MILTON MACIEL
O maior dos poetas portugueses contemporâneos, Fernando
Pessoa, manifestava grande interesse por assuntos esotéricos. Revelações feitas
pelo escritor português Paulo Cardoso no livro “Mar Português e a
Mensagem Astrológica”, mostram um Fernando Pessoa muito mais envolvido com
a Astrologia do que se supunha até então.
O longo e persistente trabalho de investigação de Paulo
Cardoso foi possível a partir do momento em que os familiares de Pessoa doaram
todo o espólio cultural do poeta ao governo português. Paulo foi uma das poucas
pessoas a obter autorização para manusear o impressionante acervo de 30 mil
documentos originais, manuscritos ou datilografados.

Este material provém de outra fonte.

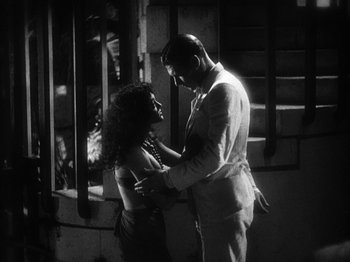 Movie still from “Island of Lost Souls” (1932), directed by Erle C. Kenton – A black and white photo of a man and a woman; Medium shot, Low angle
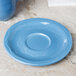 A Libbey blue porcelain saucer on a table.
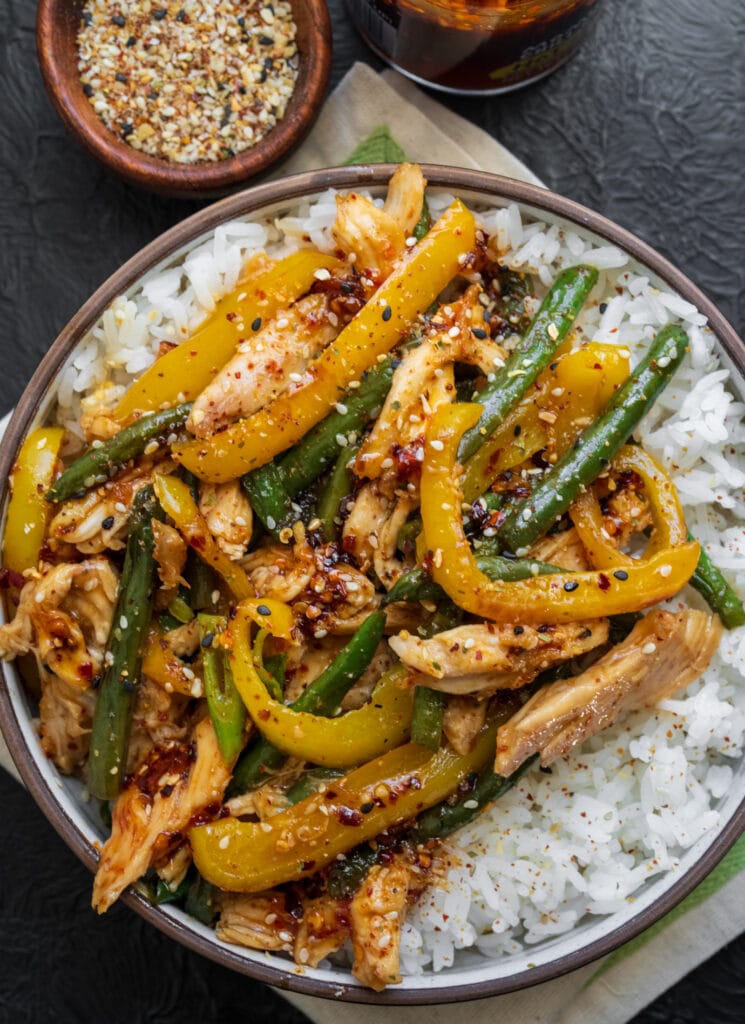 honey sesame rotisserie chicken stir fry over rice with toasted sesame seeds, scallions, and hot honey chili crunch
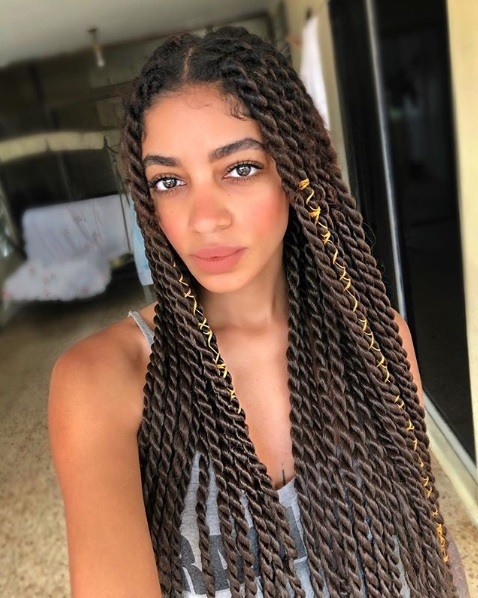 Woman with very long chocolate brown box twists parted in a centre parting with yellow gold yarn wrapped around them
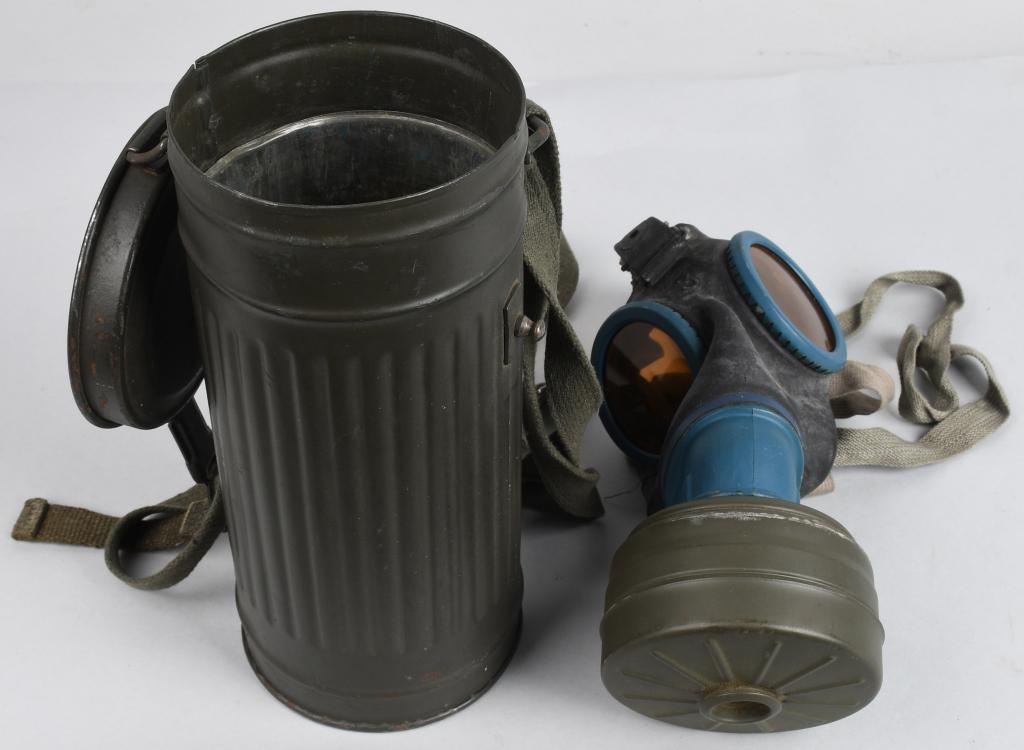 WWII NAZI GERMAN M30 GASMASK & CANISTER 1941 DATE: M30 pattern cloth covered rubberized canvas gas mask. Mask is complete with all straps. Mask is size marked 3. Included is a "FE" 41 dated sealed filter. The mask comes housed in a second pattern M30/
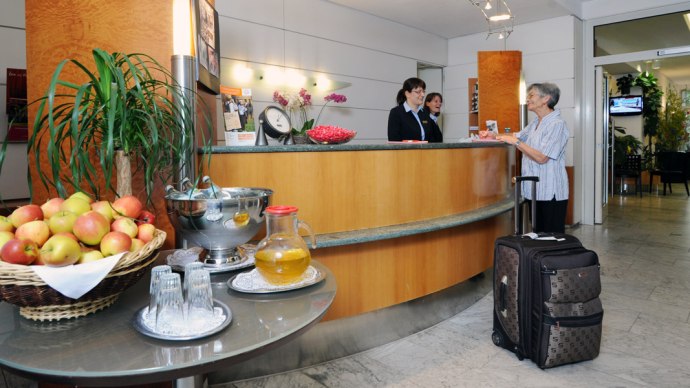A hotel reception desk with two employees helping an elderly woman with a suitcase. A table with apples and drinks is in the foreground., © Hotel Unger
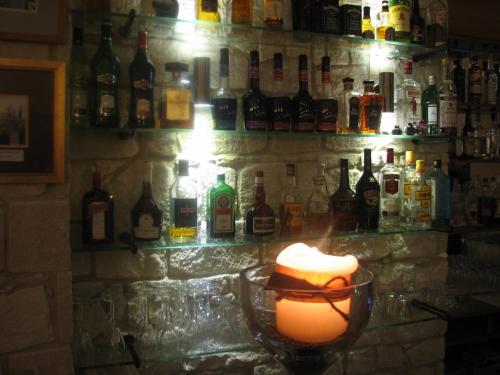a bar with a candle on a counter with bottles at Hill View Hotel Apartments in Pissouri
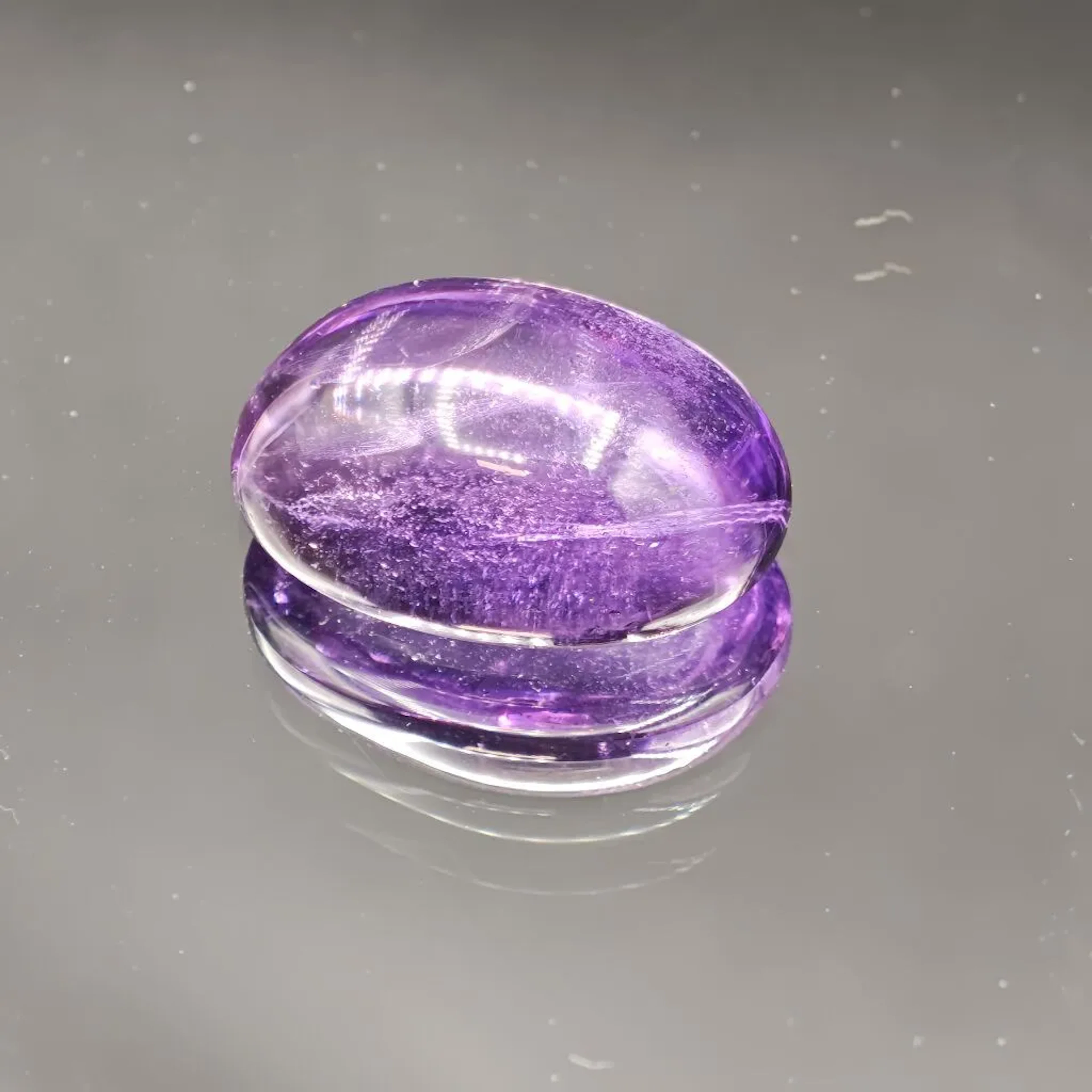 Oval-shaped amethyst, cabochon cut, weighing 25.46 carats. Dimensions:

O que ele descobriu, boquiaberto, é que nada menos que 2700
desses documentos se referem a assuntos de numerologia, geometria sagrada e,
esmagadoramente, de Astrologia. Aos olhos do pesquisador foi aparecendo aos
poucos um Fernando Pessoa astrólogo. E um astrólogo profissional,
que cobrava por consultas dadas, com uma tabela de preços encontrada em um
manuscrito de próprio punho, com preços para interpretação simples,
interpretação média e interpretação avançada.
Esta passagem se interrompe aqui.